From the Trenches: The Confusing Case of the Two-PDC Domain
Getting a new ERP application up and running was only the first challenge for this MCP.
- By Chris Gerrib
I work as a networking consultant, providing services
to a number of small and mid-sized clients in the Chicago
area. In my work I’ve seen various disasters, “weird”
quandaries, and just plain old problems. But the worst
thing I saw was when my single NT domain decided to have
two Primary Domain Controllers (PDCs) at once!

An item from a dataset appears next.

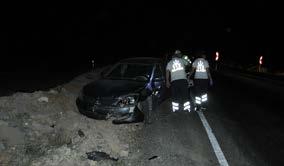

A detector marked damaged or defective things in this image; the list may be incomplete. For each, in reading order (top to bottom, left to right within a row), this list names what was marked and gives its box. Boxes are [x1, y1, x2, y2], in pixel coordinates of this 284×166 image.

I was on-site at a mid-sized steel manufacturer, helping
it implement J.D. Edwards’ OneWorld enterprise resource
planning (ERP) product. This Windows-based application
requires IBM AS/400, an NT server running a SQL database,
and fixed TCP/IP addressing. The client software runs
on Windows 95 or Windows NT 4.0 Workstation, but any development
work (and with any ERP project, there are tons of development
work) has to be done on NT Workstation.
The Scene of the Crime
The client had completed the project’s first phase, and
so a number of users were “live” on OneWorld, running
on the PDC. The developers now needed a test machine for
the next phase. I built a standard NT server on a Dell
server-class chassis, and added it to the domain as a
Backup Domain Controller (BDC) during the install process.
So, I now had a fairly simple network, consisting of a
PDC (let’s call it “OLD”) a BDC (“NEW”), an AS/400, all
in a single NT domain. All devices had the then-latest
service packs installed.
About two weeks later OLD crashed due to a hardware failure.
It was a fairly quick fix; but to allow users some network
services, I promoted NEW to PDC while I fixed OLD. Within
a few hours, I got OLD back up. It came up as a PDC in
Server Manager. I demoted NEW to BDC in Server Manager
without errors—or so I thought. After a brief refresh
both Server Manager displays agreed; OLD was the PDC,
NEW was the BDC. I had taken all client PCs down during
this swap and now asked them to log back in.
The majority of people, including all production users
(with Windows 95 PCs), were able to proceed with their
work. However, none of the developers with NT workstations
could get past the domain login screen. Thanks to another
consultant’s oversight, we didn’t have the local user
account name or password. The developers’ PCs were now
While attempting to troubleshoot this problem, I realized
that the domain was having more serious trouble. Changes
made to user account information on the PDC weren’t being
communicated to the BDC, despite repeated use of the “Force
Synchronization” command on both machines’ Server Manager.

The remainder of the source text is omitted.